First, the description of the Digital Twin has been clarified. The proposed method is now explicitly defined as a CFD-informed DT based on inverse interpolation, and its architecture and control logic are described more clearly, including how rotor operating conditions were prescribed in the simulations.
Second, the limitations of the steady RANS approach under real atmospheric inflow have been explicitly acknowledged. The CFD simulations are intentionally idealised (uniform inflow, turbulence modelled rather than resolved) to generate a structured aerodynamic response space. The link between the steady CFD framework and the outdoor experiments is now clarified through the numerical–experimental power-matching procedure.
Third, the issue of hub-height measurement and shear has been addressed, and the proof-of-concept nature of the small-scale experimental campaign has been emphasised.
Fourth, all 3D plots have been replaced with 2D line and contour plots to improve clarity, and a dedicated section has been introduced to explain the yaw inference mechanism. Quantitative validation metrics (MAE, RMSE, bias, cross-validation) have been added to demonstrate the performance of the CF correction and yaw detection accuracy.

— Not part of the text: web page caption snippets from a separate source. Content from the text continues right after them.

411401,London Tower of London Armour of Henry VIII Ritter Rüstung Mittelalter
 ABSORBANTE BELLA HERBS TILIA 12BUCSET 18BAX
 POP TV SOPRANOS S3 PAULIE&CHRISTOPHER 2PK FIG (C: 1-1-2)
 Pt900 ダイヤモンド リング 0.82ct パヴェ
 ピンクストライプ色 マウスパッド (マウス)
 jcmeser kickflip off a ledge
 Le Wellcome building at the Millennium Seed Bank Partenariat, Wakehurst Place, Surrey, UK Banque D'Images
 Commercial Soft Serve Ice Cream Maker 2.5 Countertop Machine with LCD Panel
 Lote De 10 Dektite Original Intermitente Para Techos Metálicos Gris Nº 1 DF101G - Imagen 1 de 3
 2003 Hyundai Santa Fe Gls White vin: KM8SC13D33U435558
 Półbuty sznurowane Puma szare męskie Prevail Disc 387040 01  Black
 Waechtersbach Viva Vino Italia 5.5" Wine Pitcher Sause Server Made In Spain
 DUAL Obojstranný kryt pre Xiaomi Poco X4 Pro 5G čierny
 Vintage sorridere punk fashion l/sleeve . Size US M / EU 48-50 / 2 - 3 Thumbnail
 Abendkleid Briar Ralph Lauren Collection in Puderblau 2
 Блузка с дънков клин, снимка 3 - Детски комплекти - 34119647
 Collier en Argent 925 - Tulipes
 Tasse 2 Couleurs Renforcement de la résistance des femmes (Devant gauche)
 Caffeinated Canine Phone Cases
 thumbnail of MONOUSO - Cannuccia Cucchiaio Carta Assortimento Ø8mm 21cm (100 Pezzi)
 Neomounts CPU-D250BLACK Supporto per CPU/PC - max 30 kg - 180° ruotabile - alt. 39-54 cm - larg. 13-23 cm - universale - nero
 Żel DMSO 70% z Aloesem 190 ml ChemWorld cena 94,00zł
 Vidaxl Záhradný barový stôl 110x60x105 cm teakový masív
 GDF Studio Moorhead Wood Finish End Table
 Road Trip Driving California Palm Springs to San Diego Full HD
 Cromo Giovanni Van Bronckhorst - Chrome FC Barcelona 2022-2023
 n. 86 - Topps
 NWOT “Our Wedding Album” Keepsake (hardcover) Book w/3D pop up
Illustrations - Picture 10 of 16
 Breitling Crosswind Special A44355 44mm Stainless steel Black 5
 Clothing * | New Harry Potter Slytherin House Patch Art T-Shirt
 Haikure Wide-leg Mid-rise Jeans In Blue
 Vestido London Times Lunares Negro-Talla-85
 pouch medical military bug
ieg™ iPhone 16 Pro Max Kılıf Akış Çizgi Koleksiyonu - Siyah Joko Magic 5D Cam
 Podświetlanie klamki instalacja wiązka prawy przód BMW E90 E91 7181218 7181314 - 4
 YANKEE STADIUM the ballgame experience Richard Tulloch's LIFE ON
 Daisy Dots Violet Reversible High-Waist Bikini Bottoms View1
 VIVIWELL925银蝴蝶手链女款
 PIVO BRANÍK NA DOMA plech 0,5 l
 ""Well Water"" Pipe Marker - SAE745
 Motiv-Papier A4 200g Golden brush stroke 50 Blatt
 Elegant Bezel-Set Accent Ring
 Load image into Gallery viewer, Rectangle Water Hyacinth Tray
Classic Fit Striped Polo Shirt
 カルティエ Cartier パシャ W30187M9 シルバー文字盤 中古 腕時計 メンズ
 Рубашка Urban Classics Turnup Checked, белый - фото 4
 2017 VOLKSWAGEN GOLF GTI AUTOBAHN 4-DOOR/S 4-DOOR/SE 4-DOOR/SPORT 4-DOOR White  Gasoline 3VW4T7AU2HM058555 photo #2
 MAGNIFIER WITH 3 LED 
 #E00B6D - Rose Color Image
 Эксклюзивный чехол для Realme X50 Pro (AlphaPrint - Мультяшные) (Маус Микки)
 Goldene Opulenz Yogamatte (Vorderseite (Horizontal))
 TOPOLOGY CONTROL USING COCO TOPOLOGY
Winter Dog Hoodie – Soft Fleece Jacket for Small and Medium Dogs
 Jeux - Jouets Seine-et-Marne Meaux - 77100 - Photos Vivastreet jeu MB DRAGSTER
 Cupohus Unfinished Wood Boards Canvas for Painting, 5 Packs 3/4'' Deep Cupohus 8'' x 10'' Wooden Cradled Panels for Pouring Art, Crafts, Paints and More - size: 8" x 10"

Fifth, the term “novel” has been removed, and claims have been moderated to position the work as a physics-informed proof-of-concept rather than a universally superior alternative to existing yaw control strategies.
Finally, the Introduction and Conclusions have been revised to improve structure, reduce overstatement, and ensure a more conventional technical presentation.
We believe these revisions significantly strengthen the clarity, rigour, and positioning of the work. Thank you for your comments.
Detailed answers to the comments are given in the attached document.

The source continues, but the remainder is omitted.